• **WHAT IS REQUIRED**
Skip the pictures and write out, word for word, the lines below from the one with "Exhibition: Emily Bloom" through the one with "Renault 30 Renault", inclusive.

• **DATA LISTING**
=====

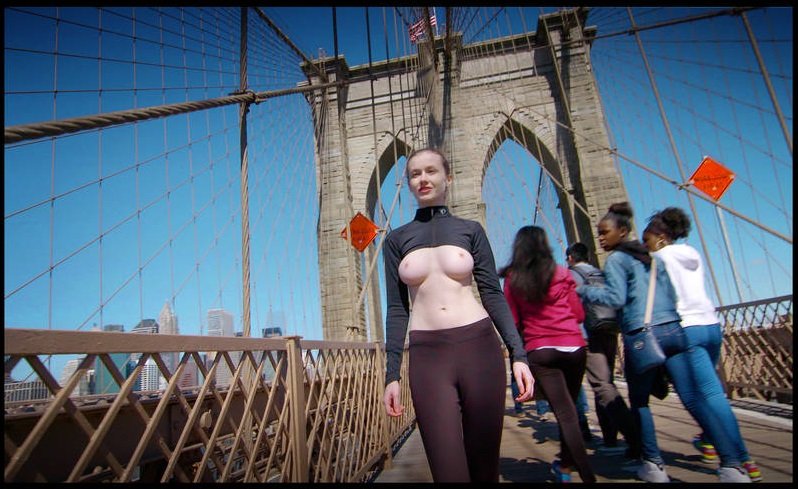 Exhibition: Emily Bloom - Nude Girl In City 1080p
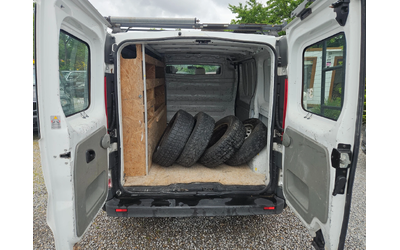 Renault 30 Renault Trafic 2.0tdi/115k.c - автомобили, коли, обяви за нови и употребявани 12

=====

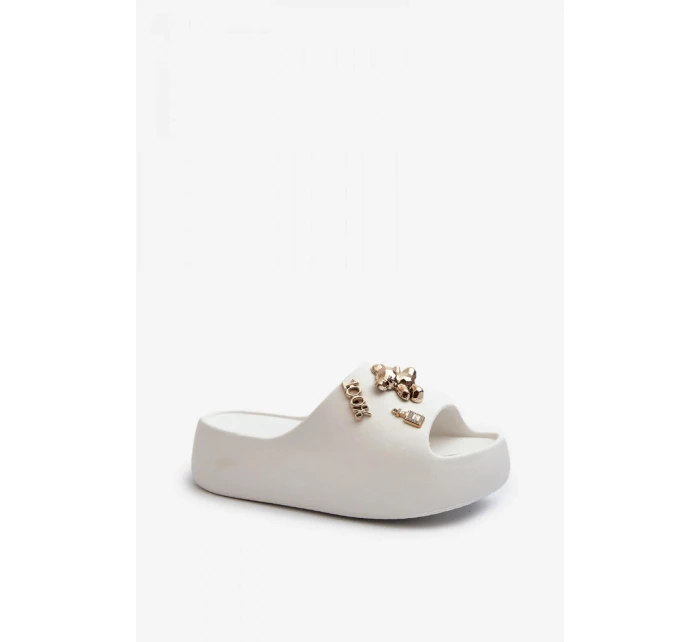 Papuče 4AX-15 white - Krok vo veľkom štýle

=====

• **WRITTEN RESPONSE**
 Exhibition: Emily Bloom - Nude Girl In City 1080p
 Renault 30 Renault Trafic 2.0tdi/115k.c - автомобили, коли, обяви за нови и употребявани 12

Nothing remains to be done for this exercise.